+++ Data extracts +++
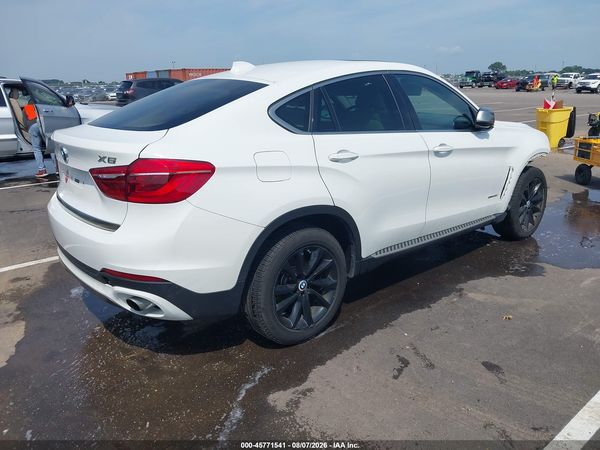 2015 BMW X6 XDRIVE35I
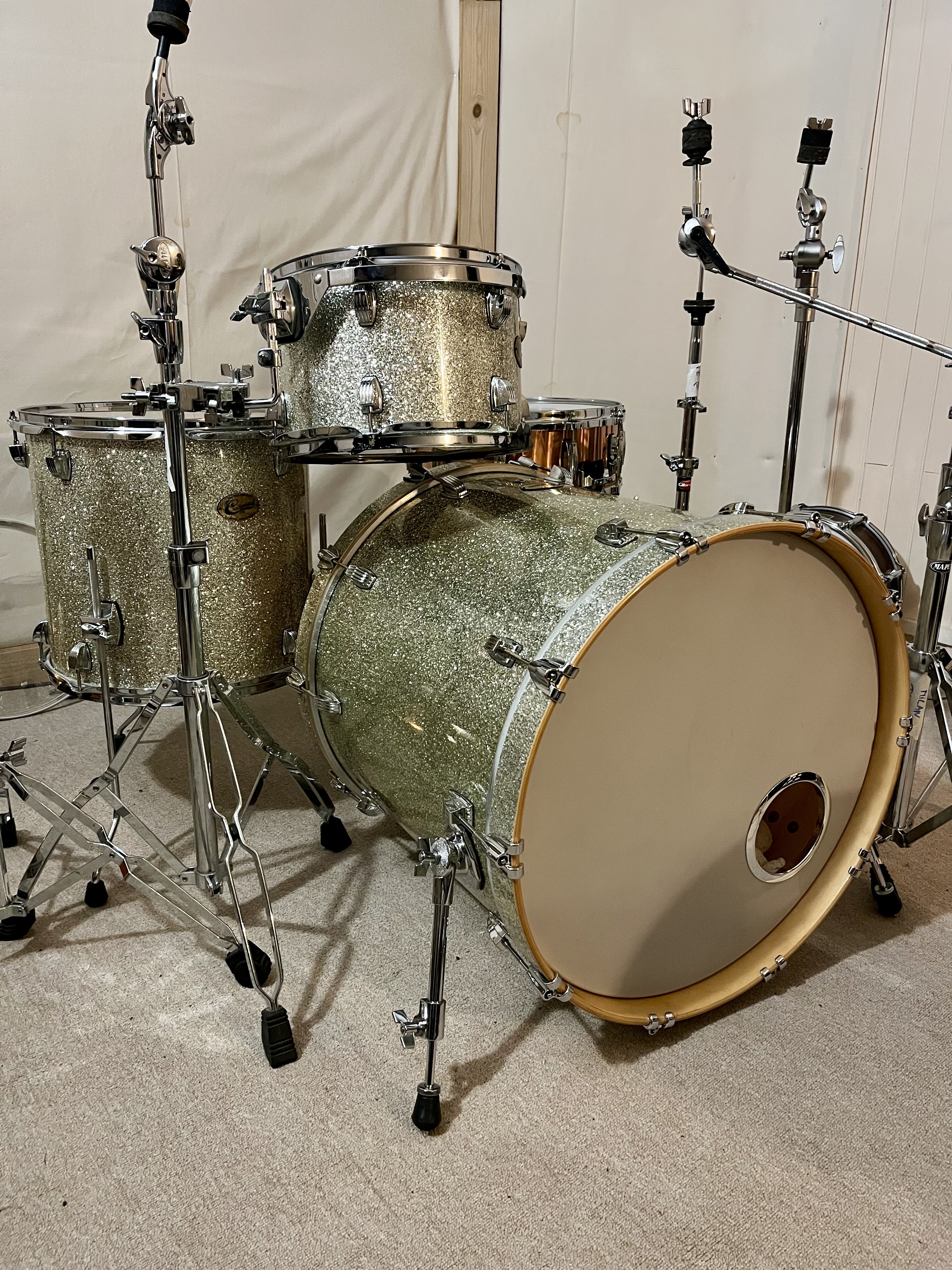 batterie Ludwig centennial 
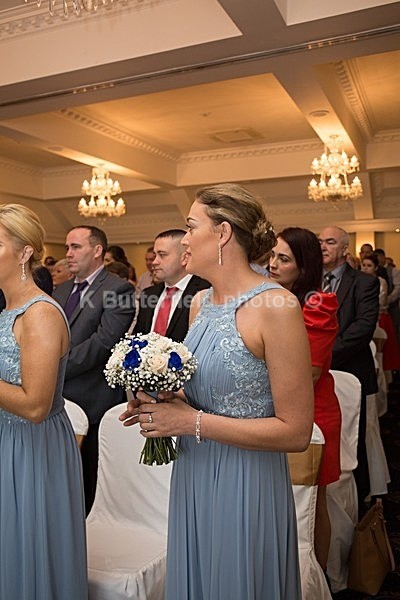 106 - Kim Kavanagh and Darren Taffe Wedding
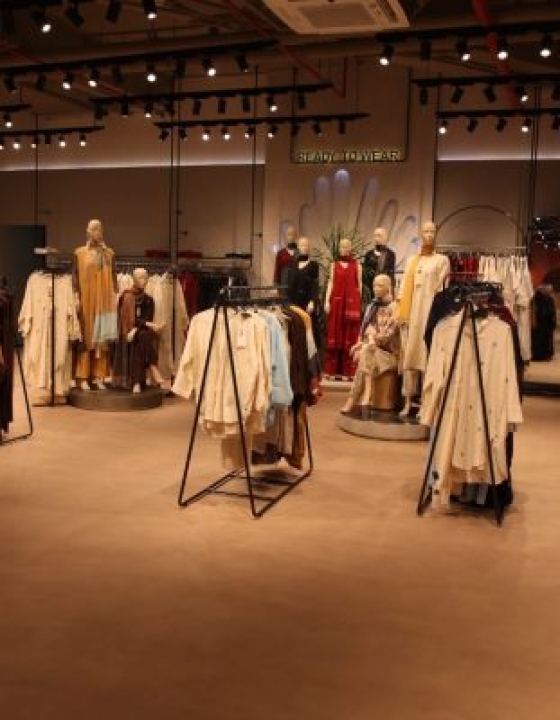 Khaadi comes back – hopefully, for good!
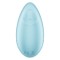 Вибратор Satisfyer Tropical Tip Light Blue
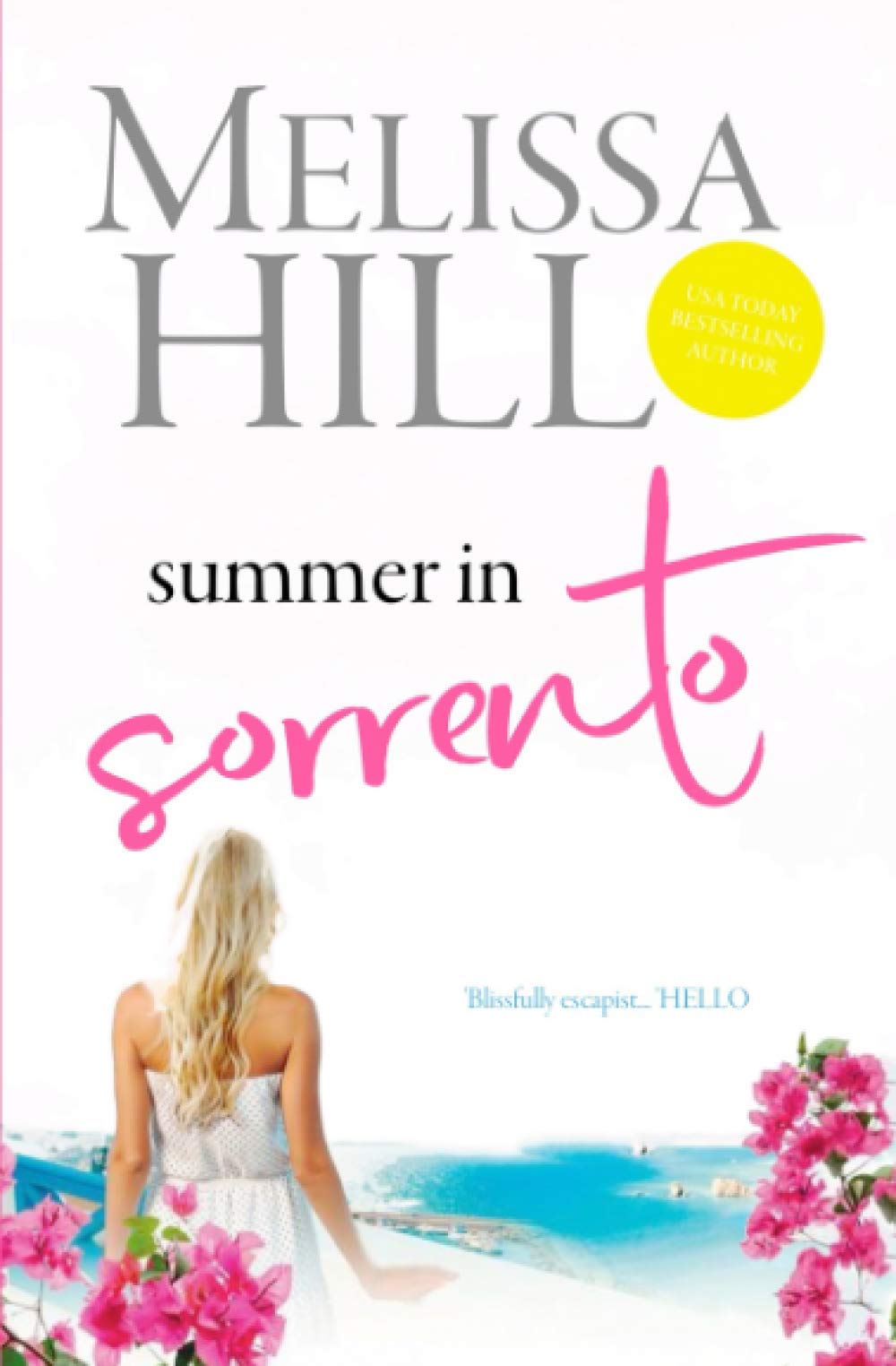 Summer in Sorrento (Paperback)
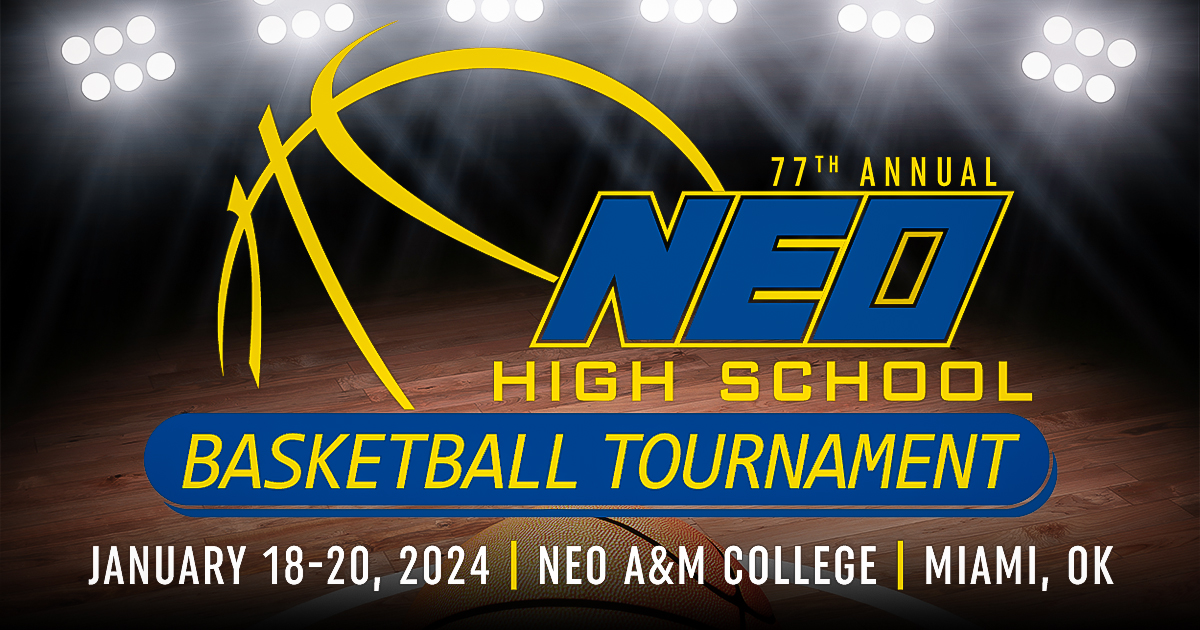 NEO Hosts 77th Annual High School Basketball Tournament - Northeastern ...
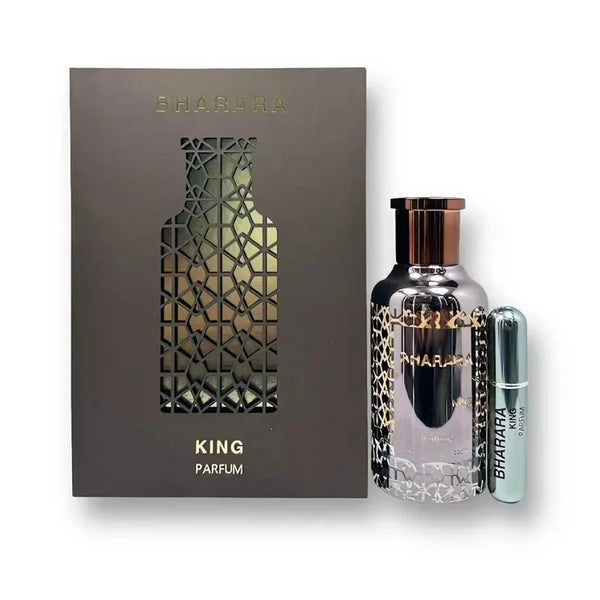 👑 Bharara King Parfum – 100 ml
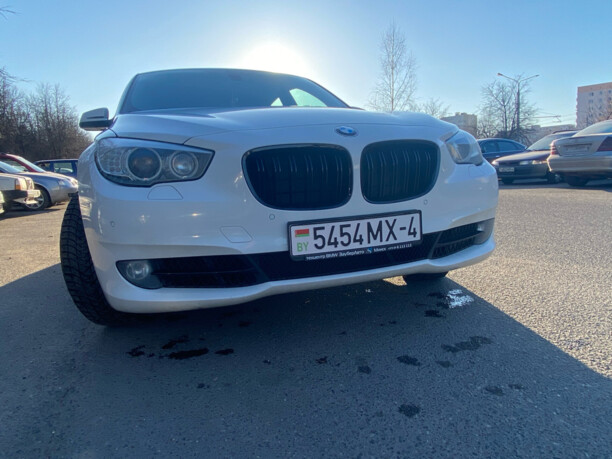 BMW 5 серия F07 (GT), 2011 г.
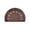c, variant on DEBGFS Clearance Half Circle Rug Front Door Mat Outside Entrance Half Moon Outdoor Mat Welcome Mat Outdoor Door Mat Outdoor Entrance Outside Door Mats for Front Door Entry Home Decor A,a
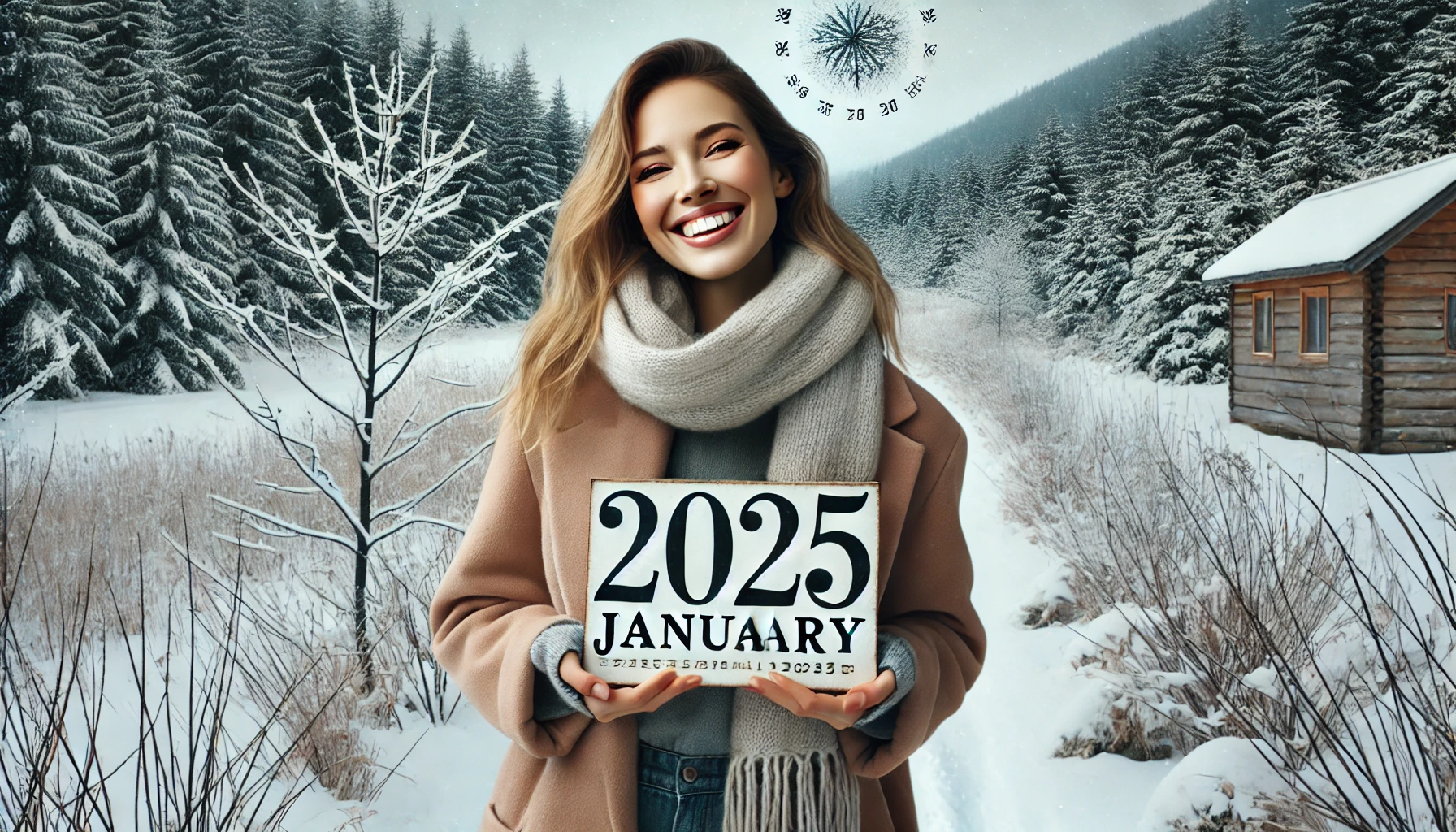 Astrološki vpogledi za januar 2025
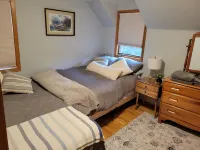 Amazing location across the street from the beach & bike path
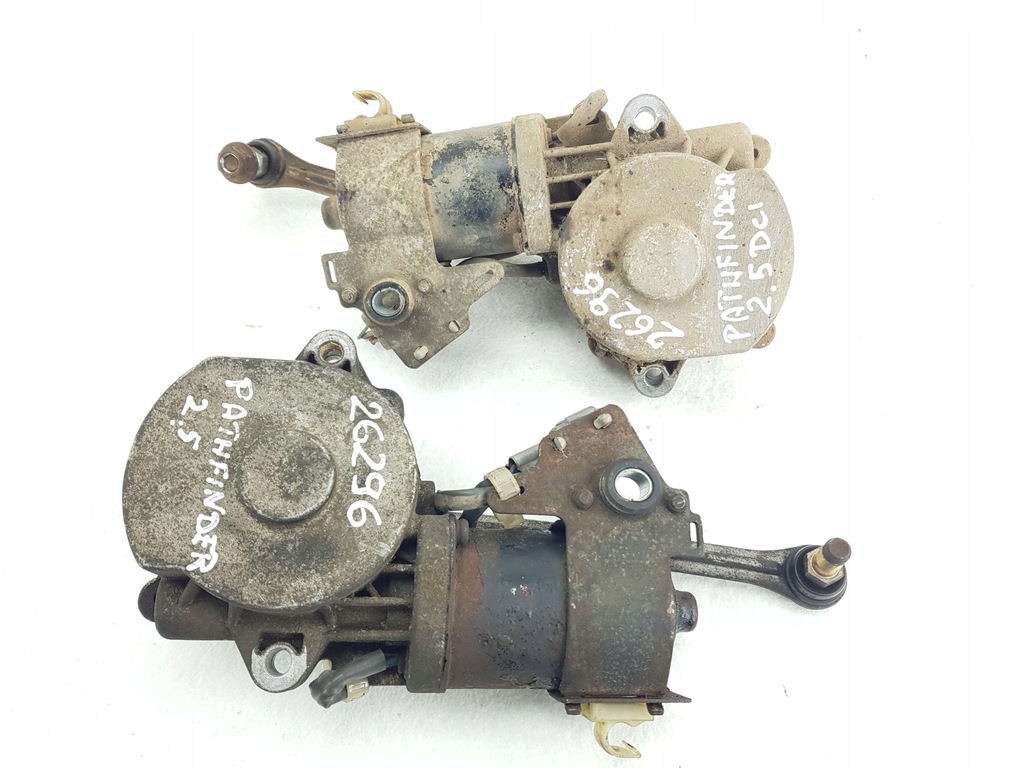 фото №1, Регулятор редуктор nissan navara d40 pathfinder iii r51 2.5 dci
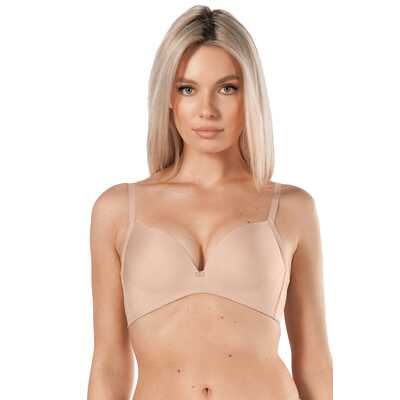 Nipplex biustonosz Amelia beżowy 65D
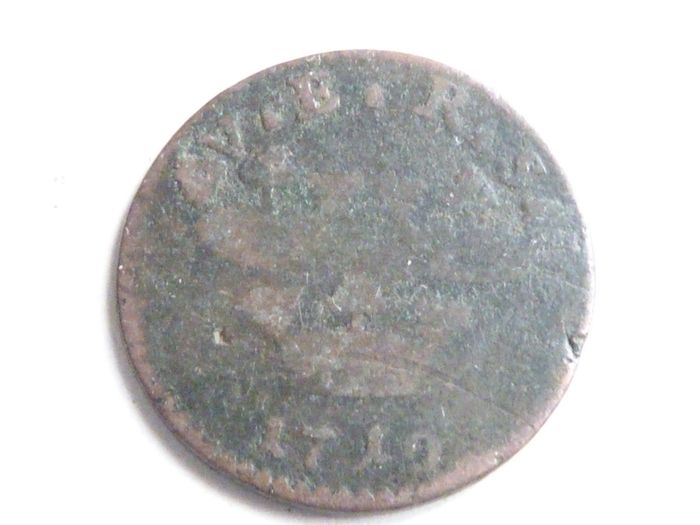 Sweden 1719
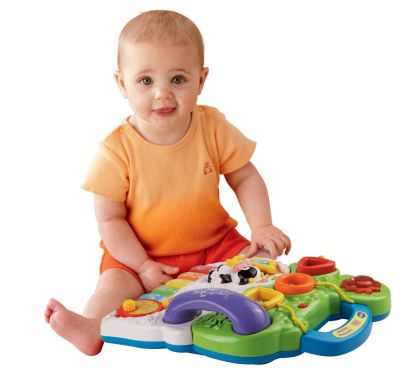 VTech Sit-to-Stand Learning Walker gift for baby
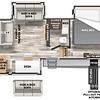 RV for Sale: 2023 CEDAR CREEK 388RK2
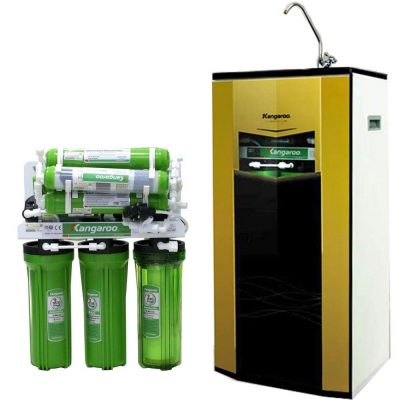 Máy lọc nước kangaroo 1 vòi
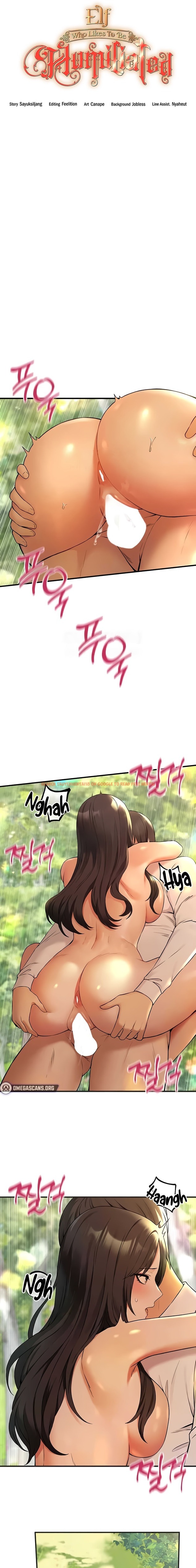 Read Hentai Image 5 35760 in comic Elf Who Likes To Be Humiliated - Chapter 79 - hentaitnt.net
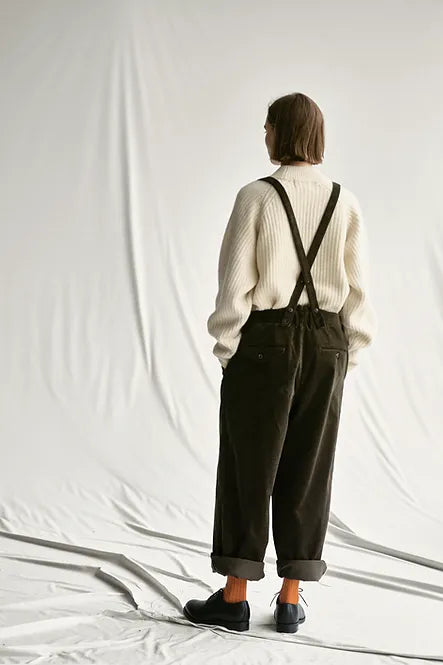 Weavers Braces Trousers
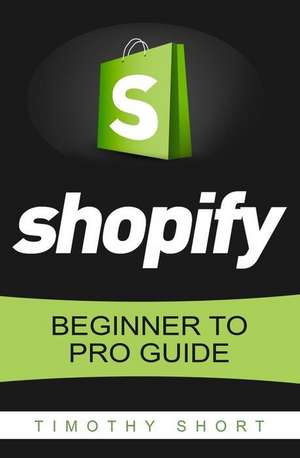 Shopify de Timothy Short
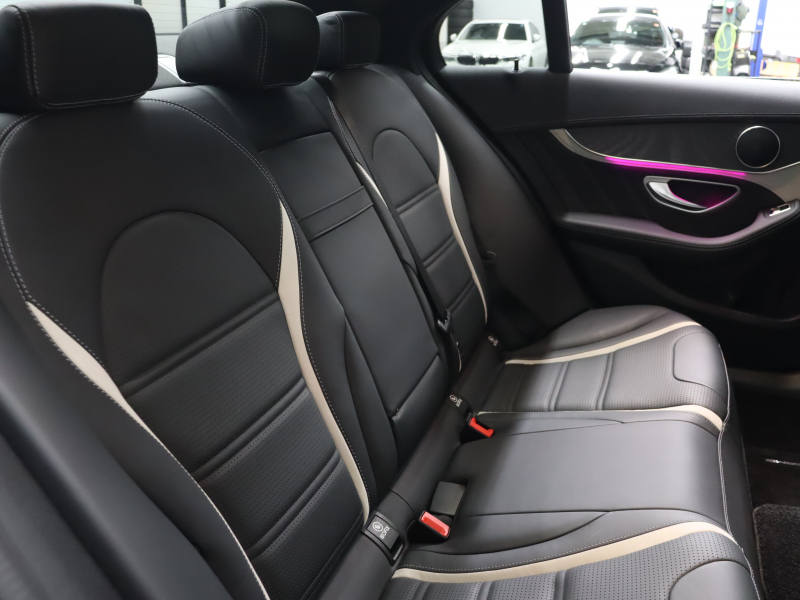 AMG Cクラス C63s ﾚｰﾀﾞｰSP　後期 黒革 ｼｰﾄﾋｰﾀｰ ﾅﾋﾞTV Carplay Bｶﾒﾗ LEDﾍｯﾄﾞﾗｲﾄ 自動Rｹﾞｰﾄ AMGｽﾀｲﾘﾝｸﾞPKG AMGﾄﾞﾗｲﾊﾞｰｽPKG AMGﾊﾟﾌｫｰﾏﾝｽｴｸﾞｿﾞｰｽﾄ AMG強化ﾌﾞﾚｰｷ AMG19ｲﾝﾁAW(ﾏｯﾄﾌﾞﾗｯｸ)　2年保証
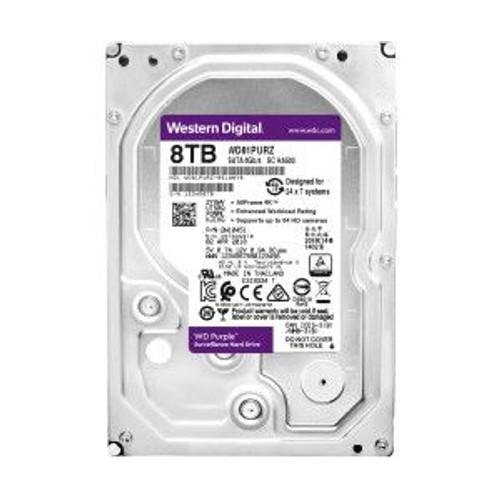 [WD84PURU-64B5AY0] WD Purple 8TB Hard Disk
+++
About this task
Copy, word for word, the entries above from the first line to the line that holds "Nipplex biustonosz Amelia beżowy 65D". Drop the pictures.

Completed task
 2015 BMW X6 XDRIVE35I
 batterie Ludwig centennial 
 106 - Kim Kavanagh and Darren Taffe Wedding
 Khaadi comes back – hopefully, for good!
 Вибратор Satisfyer Tropical Tip Light Blue
 Summer in Sorrento (Paperback)
 NEO Hosts 77th Annual High School Basketball Tournament - Northeastern ...
 👑 Bharara King Parfum – 100 ml
 BMW 5 серия F07 (GT), 2011 г.
c, variant on DEBGFS Clearance Half Circle Rug Front Door Mat Outside Entrance Half Moon Outdoor Mat Welcome Mat Outdoor Door Mat Outdoor Entrance Outside Door Mats for Front Door Entry Home Decor A,a
 Astrološki vpogledi za januar 2025
 Amazing location across the street from the beach & bike path
 фото №1, Регулятор редуктор nissan navara d40 pathfinder iii r51 2.5 dci
 Nipplex biustonosz Amelia beżowy 65D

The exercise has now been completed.